USA Today: Athletes Open up About Mental Illness

Eight athletes opened up about their mental illnesses in a story by USA Today.

Michael Phelps (swimming), Imani Boyette (basketball), Mardy Fish (tennis), Rick Ankiel (baseball), Royce White (basketball), Allison Schmitt (swimming), Brandon Marshall (football), Jerry West (basketball) share their respective stories of battling depression and bipolar disorder. The story is written by Scott Gleeson and Erik Brady. Below is an excerpt of Rick Ankiel’s story.

Rick Ankiel

Rick Ankiel was on the mound for the St. Louis Cardinals against the Atlanta Braves in Game 1 of the 2000 National League Division Series when he found he couldn’t do what had always come so naturally. Ankiel, the pitcher, couldn’t pitch anymore.

He threw five wild pitches in an inning; no major leaguer had done that since 1890. More starts produced more wild pitches. He was never the same.

“There’s such a stigma, especially with men, that you can’t falter, and that you shouldn’t get help.”

Baseball people said he had the yips — jitters that make it nearly impossible for an athlete to throw a strike or sink a putt — though in his case severe anxiety was at the root of it.

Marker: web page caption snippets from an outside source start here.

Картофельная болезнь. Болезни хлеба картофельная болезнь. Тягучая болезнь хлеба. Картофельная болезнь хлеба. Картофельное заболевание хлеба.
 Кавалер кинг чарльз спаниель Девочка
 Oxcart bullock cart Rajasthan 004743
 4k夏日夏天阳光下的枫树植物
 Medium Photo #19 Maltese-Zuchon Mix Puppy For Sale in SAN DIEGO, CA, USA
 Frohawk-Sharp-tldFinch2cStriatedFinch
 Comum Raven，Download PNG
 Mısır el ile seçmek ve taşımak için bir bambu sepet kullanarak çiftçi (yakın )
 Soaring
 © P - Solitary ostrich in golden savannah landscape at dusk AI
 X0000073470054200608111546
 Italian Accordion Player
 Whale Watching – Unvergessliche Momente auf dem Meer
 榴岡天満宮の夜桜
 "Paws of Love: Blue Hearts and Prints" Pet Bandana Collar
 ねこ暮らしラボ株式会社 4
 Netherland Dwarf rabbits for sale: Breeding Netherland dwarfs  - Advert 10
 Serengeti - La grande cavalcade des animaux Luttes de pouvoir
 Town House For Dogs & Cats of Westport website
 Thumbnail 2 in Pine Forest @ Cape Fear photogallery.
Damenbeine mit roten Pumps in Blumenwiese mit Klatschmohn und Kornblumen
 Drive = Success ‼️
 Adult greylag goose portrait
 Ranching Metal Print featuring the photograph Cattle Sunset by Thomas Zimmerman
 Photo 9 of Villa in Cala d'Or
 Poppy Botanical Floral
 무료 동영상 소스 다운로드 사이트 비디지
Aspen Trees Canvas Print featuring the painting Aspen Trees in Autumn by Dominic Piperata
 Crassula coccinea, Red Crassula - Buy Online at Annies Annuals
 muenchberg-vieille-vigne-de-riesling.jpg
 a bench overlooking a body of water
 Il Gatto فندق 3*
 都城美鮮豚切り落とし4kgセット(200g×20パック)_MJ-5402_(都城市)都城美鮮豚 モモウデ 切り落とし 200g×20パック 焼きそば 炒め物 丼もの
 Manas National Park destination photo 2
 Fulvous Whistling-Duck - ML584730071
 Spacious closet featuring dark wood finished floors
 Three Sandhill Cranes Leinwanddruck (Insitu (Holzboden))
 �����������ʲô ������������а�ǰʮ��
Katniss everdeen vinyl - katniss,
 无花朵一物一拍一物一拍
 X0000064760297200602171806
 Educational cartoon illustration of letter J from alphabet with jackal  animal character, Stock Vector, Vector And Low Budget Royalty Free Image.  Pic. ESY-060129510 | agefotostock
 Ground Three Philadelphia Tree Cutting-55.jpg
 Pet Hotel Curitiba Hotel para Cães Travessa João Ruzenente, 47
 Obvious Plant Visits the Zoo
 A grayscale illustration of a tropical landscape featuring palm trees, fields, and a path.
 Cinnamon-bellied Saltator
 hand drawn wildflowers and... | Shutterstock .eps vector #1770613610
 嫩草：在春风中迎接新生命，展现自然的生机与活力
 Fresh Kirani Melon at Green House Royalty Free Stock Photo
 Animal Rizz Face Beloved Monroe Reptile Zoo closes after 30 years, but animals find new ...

“For anyone who hasn’t had it happen to them, they don’t understand how deep and how dark it is,” he says. “It consumes you. It’s not just on the field. It never goes away. … It’s this ongoing battle with your own brain. You know what you want to do — in your heart. But your body and brain won’t let you do it.”

Ankiel would eventually have to give up his pitching career. Remarkably, he would come back years later as an outfielder. He is one of two players in major league history who have started a postseason game as a pitcher and hit a home run in the postseason as a position player. (The other? Some fellow by the name of Babe Ruth.)

Anxiety on the mound led to obsessive thoughts in his daily routine. TV analysts called him weak. They said he lacked mental toughness.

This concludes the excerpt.